Latherface wyjechał do Des Moines, nauczył się grać na gitarce i założył z nowymi kumplami kapelę Slipknot ;-).
Dowód:
http://www.musicgalleryinternational.com/Pictures/Shawns_B-Day_photo_Shoot_w_Sli pknot.jpg
Ha , ha , ha. Wiesz też mi na początku maska Coreya Taylora przypominała Leterface ale nie musisz se robić jaj.
Fajne to było ze Slipknotem:P
Jak dla mnie to będzie to tak:
Leatherface wróci do jego dominującej matki, która będzie na niego wkurzona za śmierć szeryfa i karze mu sie wynosić z domu.

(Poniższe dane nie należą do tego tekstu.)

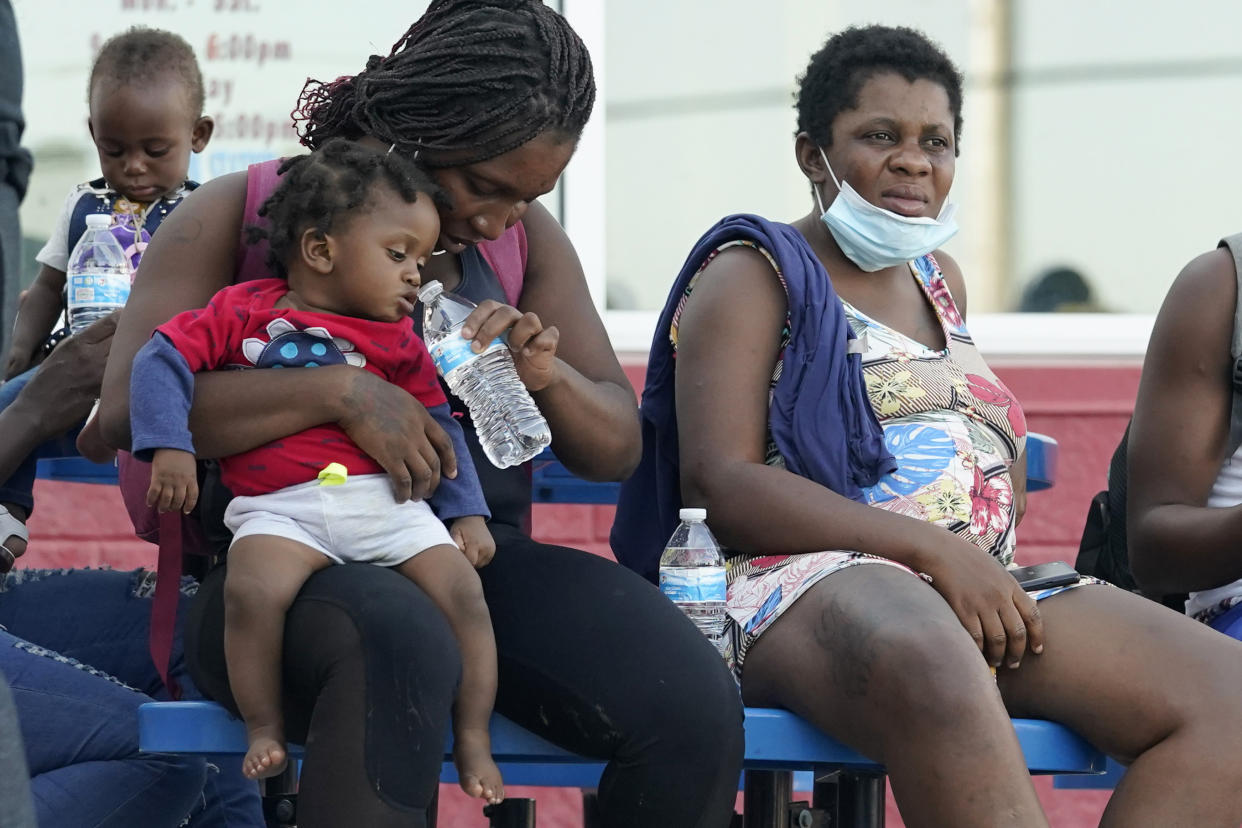 Migrants, mostly from Haiti, wait for a bus after they were processed and released after spending time at a makeshift camp near the International Bridge, Sunday, Sept. 19, 2021, in Del Rio, Texas. President Joe Biden's administration is nearing a final plan to expel many of the thousands of Haitian migrants who have suddenly crossed into a Texas border city from Mexico and to fly them back to their Caribbean homeland. (AP Photo/Eric Gay)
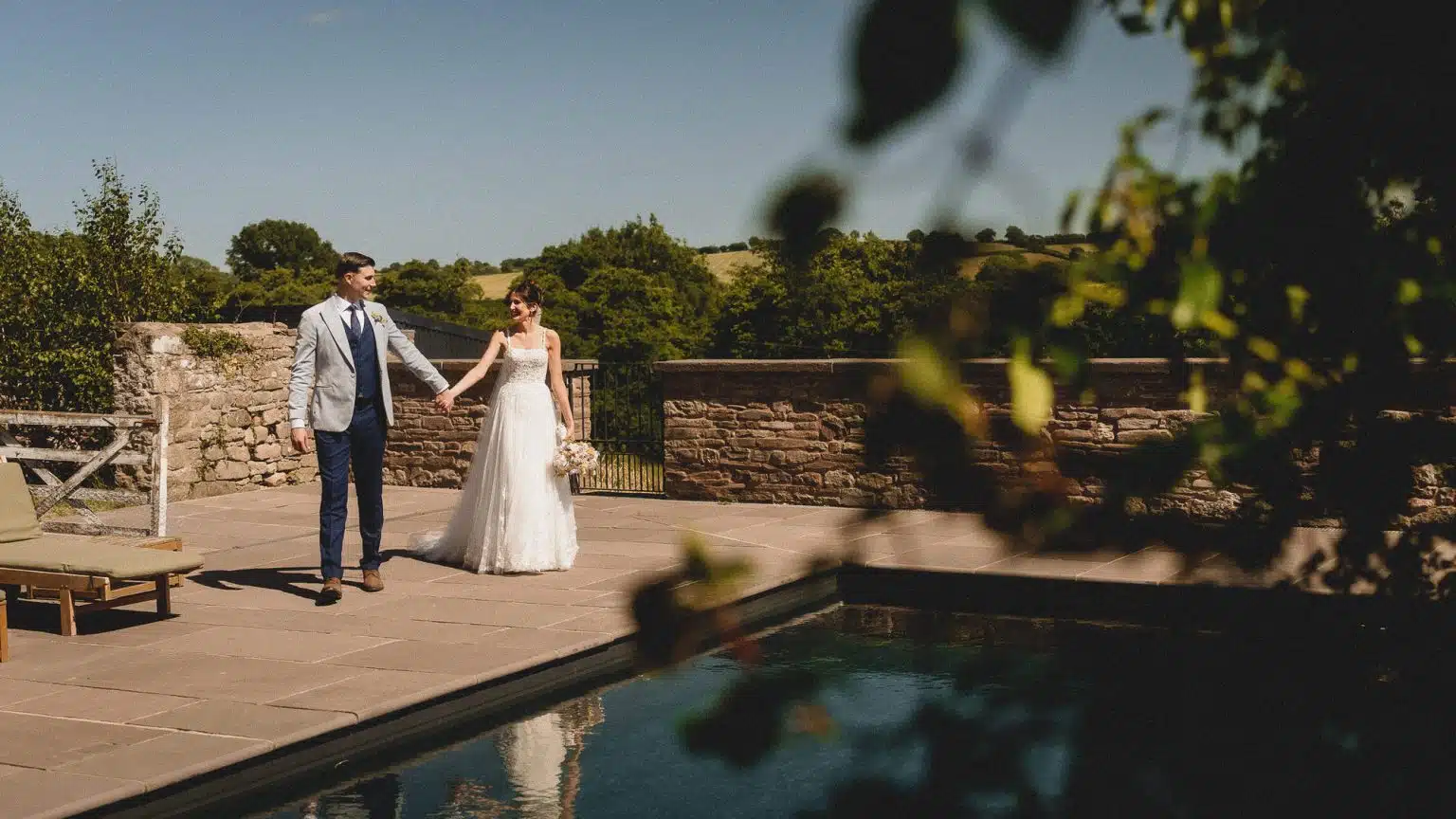 Bride and groom walking hand in hand beside the pool at Llantilio House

Erin napotka jakiś 'normalny' patrol policji. (Psy jak zwykle będą tępe i będą ją przesłuchiwać ze 3 dni zamiast coś zrobić od razu). Po 3 dniach, jak widać w końcówce filmu, wysłali skromny patrol dwóch całkowicie nieprzygotowanych funkcjonariuszy, którzy zaczną przeszukiwać dom i się natkną na Leatherface...(wrócił on do na swoje stare śmieci, po tym jak wyjechała jego rodzina mutantów)

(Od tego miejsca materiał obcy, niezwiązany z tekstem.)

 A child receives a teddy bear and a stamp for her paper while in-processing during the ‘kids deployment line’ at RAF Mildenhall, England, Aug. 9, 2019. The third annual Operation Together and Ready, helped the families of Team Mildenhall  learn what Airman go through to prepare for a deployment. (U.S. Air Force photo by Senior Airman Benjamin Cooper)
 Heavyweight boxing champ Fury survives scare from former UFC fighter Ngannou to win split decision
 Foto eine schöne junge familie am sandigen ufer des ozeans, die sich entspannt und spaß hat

On oczywiście z policjantami zrobi to co było mniej więcej pokazane w filmie:]
A potem to pewnie umrze na jakimś Teksańskim odludnym polu w wyniku ran zadanych mu przez Erin, których nie umiał sobie opatrzyć...
THE END
Epilog:
Erin wychowa normalne dziecko, na którego punkcie będzie przewrażliwiona i sprawi sobie taki pokój jak Jodie Foster w "Azylu":]

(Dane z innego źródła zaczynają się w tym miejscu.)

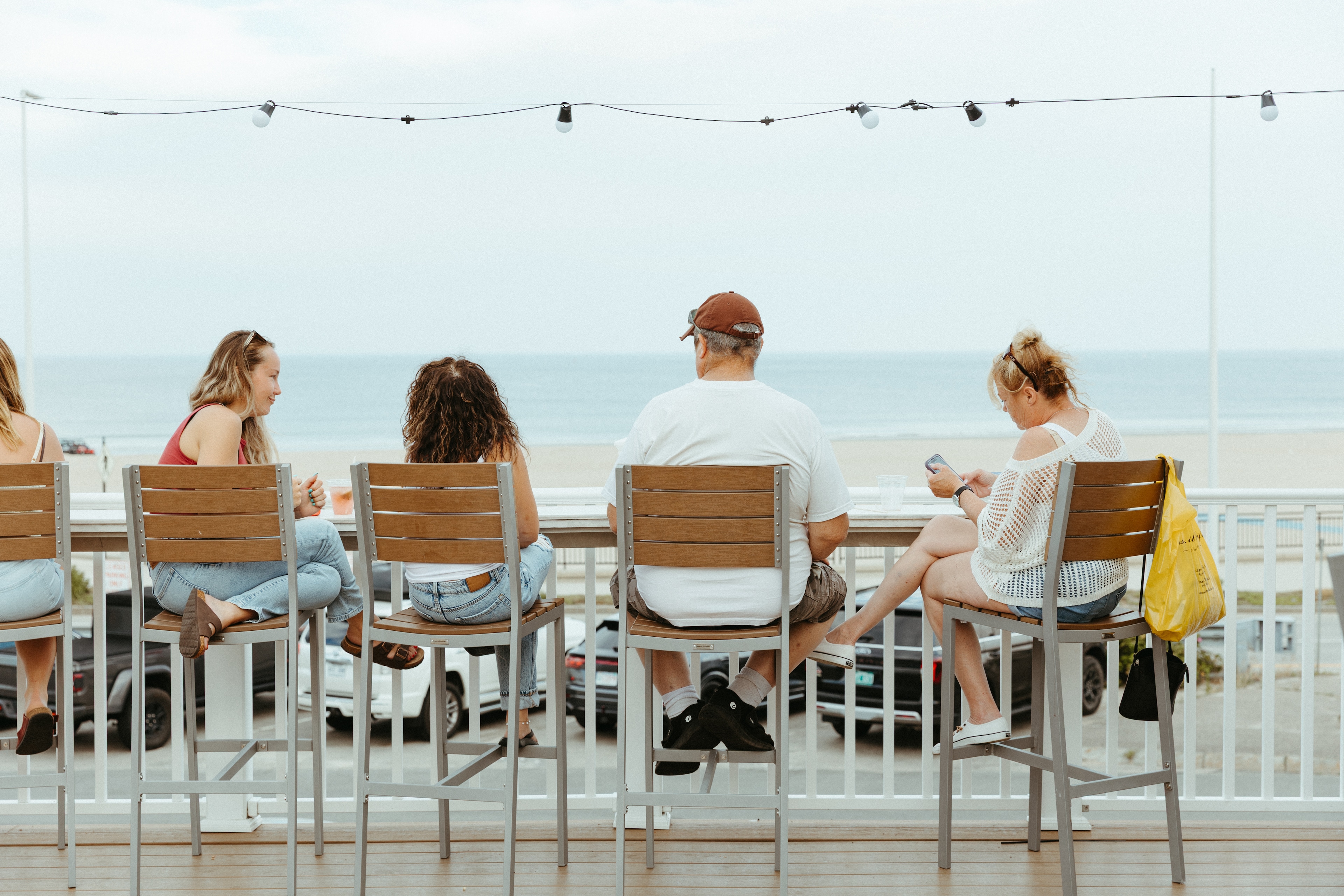 A group of people sitting at a bar with a seaside view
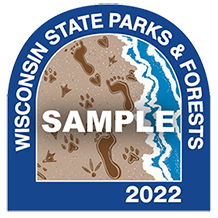 Wisconsin state parks and forrests 2022 sticker sample. Features and illustrated sand beach with human and animal footprints in the sand and waves lapping against the shore.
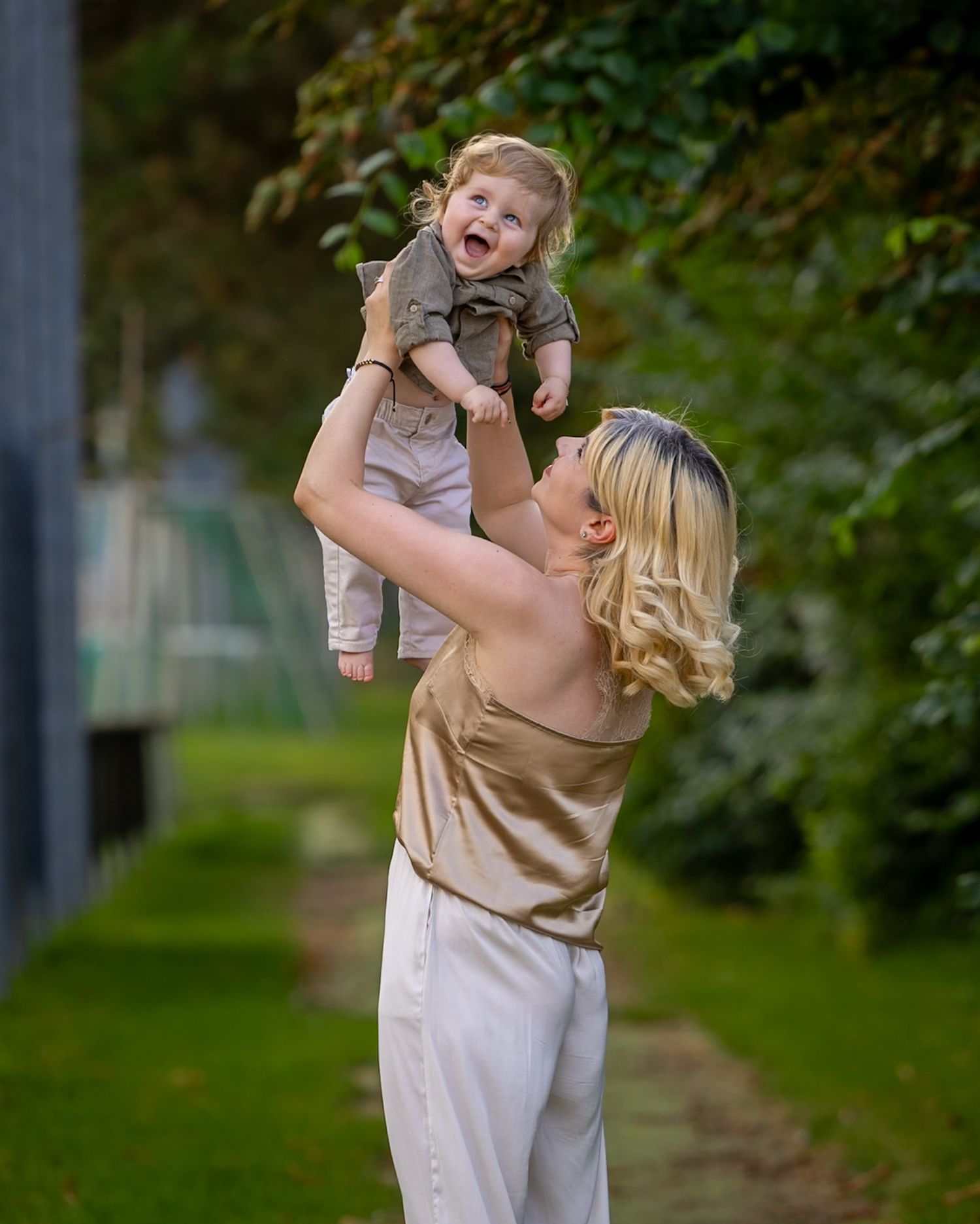 A joyful mother lifts her laughing baby overhead outdoors, both wearing neutral tones against a lush green background.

Lejterfejs ucieknie policji i ukryje się w jakiejś opuszczonej stodole. Przeżyje zjadając larwy wychodowane na własnej skórze. Później trafi na Jacka Sparrowa, razem z nim obciążą się klątwą i będą przemierzali nieznane morskie szlaki jako wiecznie przeklęci. -Koniec-
PS: To ze slipknotem dobre :D
Nie wiem czemu, ale jakoś takie normalne zakończenie, które faktycznie mogłoby pasować mnie nie satysfakcjonuje ;>.